*What is being asked*.
Transcribe the lines below exactly, beginning with the line that holds "Let's try 75." and ending with the final line, both included. Pictures are to be left out.

*Dataset excerpt*.
□ □ □ □ □
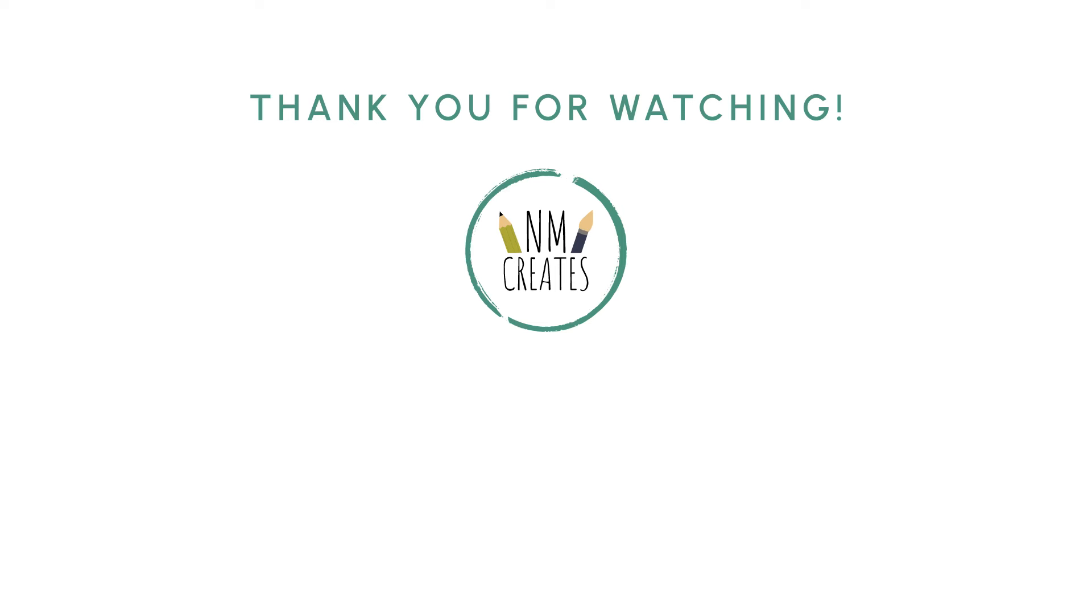If you enjoyed today's video, make sure to check out these videos down below. Please like and subscribe and I will see you in the next one.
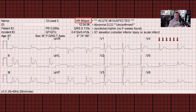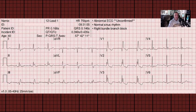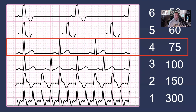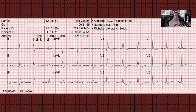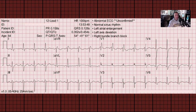Let's try 75. For 75, we should have four large blocks in between R waves. Looking at this ECG, starting right here in lead I because it lines up nicely with a large block, we count out one, two, three, and four, proving that the heart rate on this ECG is correct at 75 beats a minute.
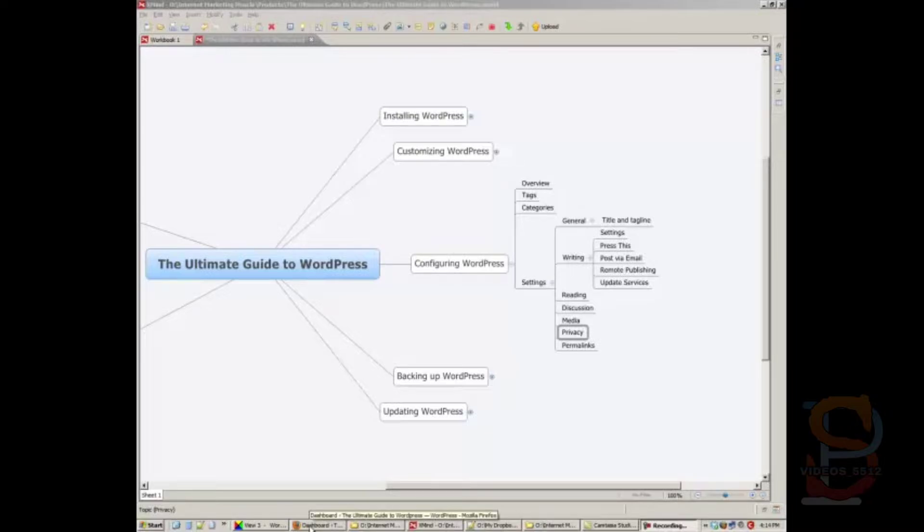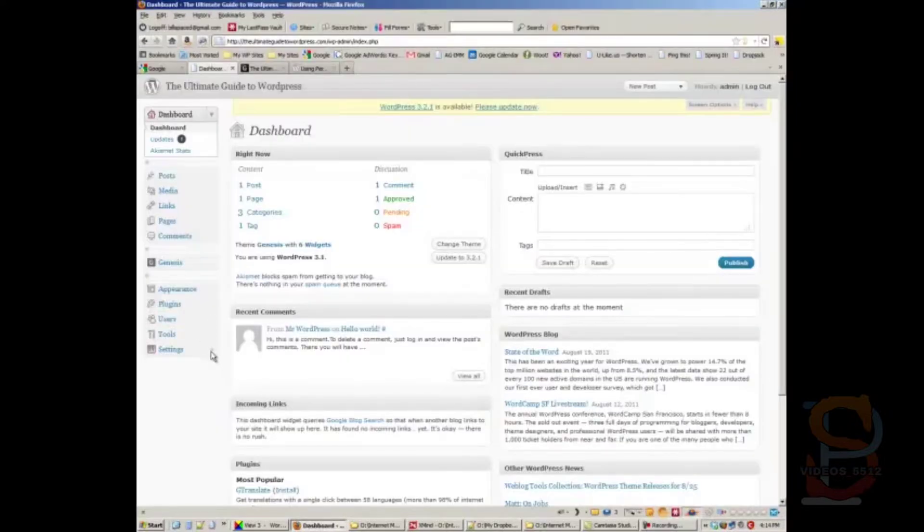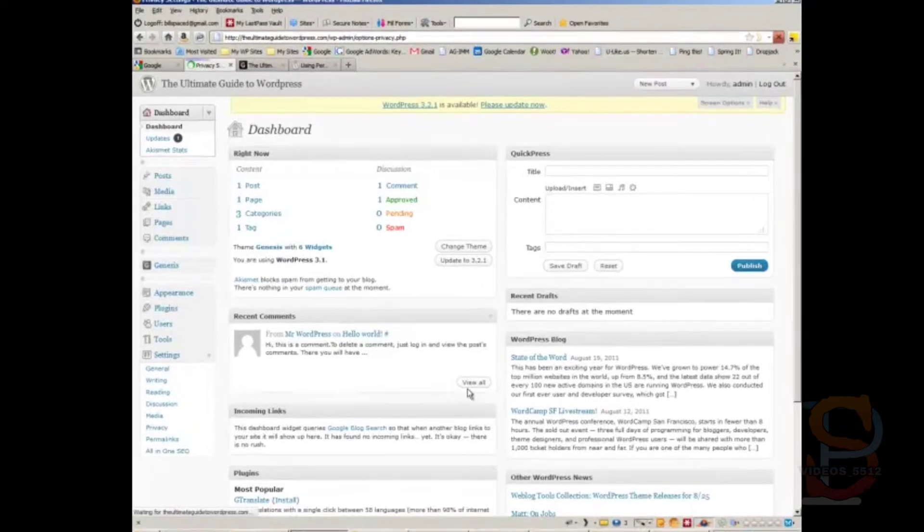By default it's usually turned on the right way, but you always want to make sure that this is turned on the right way. So let's go to our dashboard, and settings, and privacy.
□ □ □ □ □
*Output*.
Let's try 75. For 75, we should have four large blocks in between R waves. Looking at this ECG, starting right here in lead I because it lines up nicely with a large block, we count out one, two, three, and four, proving that the heart rate on this ECG is correct at 75 beats a minute.
By default it's usually turned on the right way, but you always want to make sure that this is turned on the right way. So let's go to our dashboard, and settings, and privacy.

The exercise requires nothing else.